Slightly exaggerated, I suppose, but there is a point to it. And,
may I add, I'm NOT saying that Elizabethan English would
work for regular Catholic parish liturgy, at all, at all. But
cafeteria English hasn't worked, either!
So, what's the point to this article? Well, it is
written, as I have noted, by one who grew up in the postconciliar
mess, who made his First Communion in 1967 at the age of seven,
and watched the Church collapse around him as he grew older. And
who cannot help but wonder -- was all of this really necessary?
If the goal was liturgical renewal, was it really necessary
to so violently overhaul the form of the Mass that people had to
lose the sense of continuity with the Tradition? If you're
tempted to protest that observation, please stop and recall the
folk group bawling Blowin' in the Wind as a communion hymn in
1968. People in my generation grew up with no sense of continuity
at all -- the only things valuable and valued were innovations
and novelty. And look at the devastation that resulted.
I readily concede the usefulness of the vernacular, and that
there were aspects of the Liturgy which needed revision, but the
rite we used for Mass before the Council was truly ancient,
well-established by the time of Gregory the Great, and gave full
expression to the vertical dimension of worship. The richness of
that rite, very conservatively revised where needed, traditional
ceremonies intact and made more accessible to the people through
use of the vernacular as appropriate, and with texts carefully
married to plainchant and with good hymns, could have resulted in
every parish having the kind of experience I have with the good
folk of St Athanasius -- the profound sense of joining together
in a communal stepping into the worship and submitting ourselves
to the rhythms of the Liturgy and Tradition of the Church. And
had that been done, Catholics might not have gotten the
impression that, the Mass having been turned upside-down,
everything else in the Church's teaching was up for grabs, too...

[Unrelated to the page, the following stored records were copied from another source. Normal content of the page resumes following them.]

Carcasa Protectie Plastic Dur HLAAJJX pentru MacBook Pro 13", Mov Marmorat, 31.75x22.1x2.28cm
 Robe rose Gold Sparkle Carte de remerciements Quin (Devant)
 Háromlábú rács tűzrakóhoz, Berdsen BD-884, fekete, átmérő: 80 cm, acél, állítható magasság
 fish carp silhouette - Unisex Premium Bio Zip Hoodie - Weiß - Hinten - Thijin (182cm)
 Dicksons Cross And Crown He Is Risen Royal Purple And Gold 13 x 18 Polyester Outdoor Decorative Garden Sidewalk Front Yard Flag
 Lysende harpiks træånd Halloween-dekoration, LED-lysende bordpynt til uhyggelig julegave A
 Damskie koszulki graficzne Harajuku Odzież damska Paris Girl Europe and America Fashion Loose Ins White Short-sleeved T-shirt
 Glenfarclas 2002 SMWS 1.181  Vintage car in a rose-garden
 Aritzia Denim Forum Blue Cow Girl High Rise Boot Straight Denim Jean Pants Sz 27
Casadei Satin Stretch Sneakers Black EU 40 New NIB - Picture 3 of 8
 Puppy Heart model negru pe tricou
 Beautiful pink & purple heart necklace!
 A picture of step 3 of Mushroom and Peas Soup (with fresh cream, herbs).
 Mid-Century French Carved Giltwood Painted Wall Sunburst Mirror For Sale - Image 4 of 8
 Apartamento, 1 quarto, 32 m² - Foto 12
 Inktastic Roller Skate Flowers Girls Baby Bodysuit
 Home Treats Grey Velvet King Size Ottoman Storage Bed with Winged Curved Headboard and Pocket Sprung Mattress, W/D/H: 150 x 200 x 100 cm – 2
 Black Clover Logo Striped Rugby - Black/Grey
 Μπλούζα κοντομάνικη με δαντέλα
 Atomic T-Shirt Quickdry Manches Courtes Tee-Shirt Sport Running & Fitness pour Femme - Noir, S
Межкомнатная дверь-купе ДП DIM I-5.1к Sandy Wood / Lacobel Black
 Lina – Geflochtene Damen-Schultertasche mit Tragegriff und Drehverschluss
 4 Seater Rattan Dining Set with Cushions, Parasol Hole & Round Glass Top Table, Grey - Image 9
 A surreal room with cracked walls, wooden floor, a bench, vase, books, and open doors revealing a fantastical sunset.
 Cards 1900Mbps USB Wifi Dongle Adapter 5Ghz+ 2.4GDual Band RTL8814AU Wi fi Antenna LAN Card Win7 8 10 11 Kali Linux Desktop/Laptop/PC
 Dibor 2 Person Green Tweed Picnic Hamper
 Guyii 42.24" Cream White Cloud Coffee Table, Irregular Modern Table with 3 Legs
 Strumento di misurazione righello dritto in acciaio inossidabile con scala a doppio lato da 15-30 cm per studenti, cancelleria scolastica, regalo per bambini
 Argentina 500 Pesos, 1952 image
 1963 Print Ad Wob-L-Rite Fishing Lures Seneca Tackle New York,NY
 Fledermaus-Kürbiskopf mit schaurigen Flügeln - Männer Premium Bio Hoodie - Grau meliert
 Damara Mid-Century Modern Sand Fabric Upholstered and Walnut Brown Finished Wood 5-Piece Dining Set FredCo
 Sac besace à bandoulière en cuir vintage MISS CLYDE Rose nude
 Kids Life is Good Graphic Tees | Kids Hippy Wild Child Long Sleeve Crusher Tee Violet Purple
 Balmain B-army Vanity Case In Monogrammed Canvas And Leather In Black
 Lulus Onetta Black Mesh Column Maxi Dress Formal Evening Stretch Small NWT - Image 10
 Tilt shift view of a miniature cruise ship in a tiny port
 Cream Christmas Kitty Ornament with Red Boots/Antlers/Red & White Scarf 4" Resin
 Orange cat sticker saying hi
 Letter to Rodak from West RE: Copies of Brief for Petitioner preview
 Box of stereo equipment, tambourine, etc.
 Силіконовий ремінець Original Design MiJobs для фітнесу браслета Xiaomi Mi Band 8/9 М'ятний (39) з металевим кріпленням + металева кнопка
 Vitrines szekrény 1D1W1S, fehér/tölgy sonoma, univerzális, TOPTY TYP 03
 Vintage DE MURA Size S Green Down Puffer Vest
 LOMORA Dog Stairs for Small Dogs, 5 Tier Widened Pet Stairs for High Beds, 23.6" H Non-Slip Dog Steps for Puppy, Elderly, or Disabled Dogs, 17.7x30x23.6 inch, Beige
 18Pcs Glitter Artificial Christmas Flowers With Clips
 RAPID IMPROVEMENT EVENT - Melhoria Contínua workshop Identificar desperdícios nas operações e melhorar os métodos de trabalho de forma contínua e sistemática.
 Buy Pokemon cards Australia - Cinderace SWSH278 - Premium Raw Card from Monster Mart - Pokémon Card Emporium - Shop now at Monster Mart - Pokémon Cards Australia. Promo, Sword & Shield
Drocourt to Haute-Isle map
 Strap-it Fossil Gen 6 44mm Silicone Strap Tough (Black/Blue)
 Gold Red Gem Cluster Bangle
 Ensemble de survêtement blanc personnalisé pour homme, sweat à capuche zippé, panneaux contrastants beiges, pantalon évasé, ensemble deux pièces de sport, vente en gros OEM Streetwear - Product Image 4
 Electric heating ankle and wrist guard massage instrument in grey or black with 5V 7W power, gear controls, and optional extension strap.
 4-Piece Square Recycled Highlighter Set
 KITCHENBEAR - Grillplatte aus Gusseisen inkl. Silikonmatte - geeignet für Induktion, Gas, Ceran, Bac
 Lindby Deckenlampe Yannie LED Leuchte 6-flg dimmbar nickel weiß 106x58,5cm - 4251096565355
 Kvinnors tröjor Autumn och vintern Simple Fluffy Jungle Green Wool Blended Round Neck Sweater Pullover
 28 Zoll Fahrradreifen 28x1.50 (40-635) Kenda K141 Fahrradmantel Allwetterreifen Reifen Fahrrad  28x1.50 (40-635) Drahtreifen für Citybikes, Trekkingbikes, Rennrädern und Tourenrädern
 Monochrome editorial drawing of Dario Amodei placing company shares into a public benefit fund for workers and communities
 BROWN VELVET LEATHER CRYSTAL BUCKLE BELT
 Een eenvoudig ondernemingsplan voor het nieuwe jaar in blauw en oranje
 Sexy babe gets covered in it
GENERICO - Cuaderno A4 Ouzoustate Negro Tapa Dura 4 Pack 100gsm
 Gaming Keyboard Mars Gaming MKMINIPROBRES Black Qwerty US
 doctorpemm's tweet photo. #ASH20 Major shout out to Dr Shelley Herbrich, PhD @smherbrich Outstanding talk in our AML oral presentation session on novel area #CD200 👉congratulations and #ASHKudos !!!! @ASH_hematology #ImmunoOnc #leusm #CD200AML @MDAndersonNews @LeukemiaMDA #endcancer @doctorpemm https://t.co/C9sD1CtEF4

Presently, the music, manner of celebrating, and entire
atmosphere of the Novus Ordo all too often leaves one feeling
that this is a prayer service cobbled together by the relative
genius of the participants; there's no sense of anything having
been handed on at all.
And this is especially true at major ceremonies. It seems
that, every time I am present for a liturgy celebrated by a
Bishop, he experiences the driving need to assert that he is the
host of the occasion -- lengthy commentaries from him open and
close the rite (after he has marched down the aisle as though he
were running for re-election, kissing babies and glad-handing
congregants). But it is Jesus Who is the Host of the occasion;
and I know that I have experienced this most notably at the
Anglican Use Mass.
That there is something lacking in the Novus Ordo is beyond
question, as far as I can see -- it was to have been the occasion
of a great renewal, and after thirty years we can look back and
see how many people simply stopped coming to Mass! Being able, as
a Priest, to celebrate with a different rite has perhaps given me
a new perspective on something I find lacking in the revised
Liturgy. It has certainly convinced me that there is something
wrong with the president'sā role as currently understood,
enthroned as I am in my Captain Kirk chair, facing the people and
dialoguing with them. I'd dearly love to be free of the tyranny
of that Chair. I really long to be able to skip the dialogue,
abandon the liturgical talking points and the jabbering and the
chatter, and to be able to --have you guessed?? -- just go with
my People to the Altar of God, to God who giveth joy to my youth.